Fans will recognize a chunk of Ask’s material from special. Part of what made that project extraordinary was the context: Bamford joking about her mental illness and family for her parents, who remained game even if they didn’t always laugh. Removed from that unique circumstance, the repeats still thrive, a testament to Bamford’s ability as a writer. When she talks about how her mother is an expert at “joy whack-a-mole”—a game in which her family takes turns pouring rain on the others’ sunshine—it’s less voyeuristic without seeing her mother’s reaction, but there are laughs of recognition from the audience before Bamford even explains the rules.

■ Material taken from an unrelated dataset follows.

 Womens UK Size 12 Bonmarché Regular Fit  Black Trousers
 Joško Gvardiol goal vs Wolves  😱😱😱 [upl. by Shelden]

Comedians frequently cast themselves as an awkward or incongruent bystander who can’t help but seem out of step with their surroundings. This is especially acute with Bamford. Her material often springs from a place of deep-seated anxiety or obsession, even when it’s outwardly silly. She used to lie on dating profiles to make herself seem more active, asking “Got your helmet? Let’s go parasail-glide-kicking.” In an effort to be more honest, her profile now notes that she can wear the same outfit five days in a row or crouch naked in the shower and get real small.
Coming from any other comedian, Bamford’s chunk about avoiding cooking for herself would still be amusing. But in the context she’s constructed, there is pathos in a woman eating a hot Power Bar straight from the glove compartment or “squeezy cheese on finger” and a “can of wine.” There is even sympathy in her “Paula Deen’s Suicide Note,” which, in light of recent scandals, now seems prescient.
Bamford resists the labels some of this material may place on her. When a radio DJ dismisses her as schizophrenic, she notes, “Schizophrenia is, of course, hearing voices, not doing voices.” When another comedian jokes about a woman being over 40 and never married, Bamford launches into a hilariously distraught overreaction, repeating “Oh no!” until it turns into a squeal. Somehow she manages to communicate both an acceptance of her abnormalities and a rejection of how others judge them.
There are no weak moments on the album, and Bamford has been equally strong in recent live shows. It doesn’t look like she’s going to stop any time soon.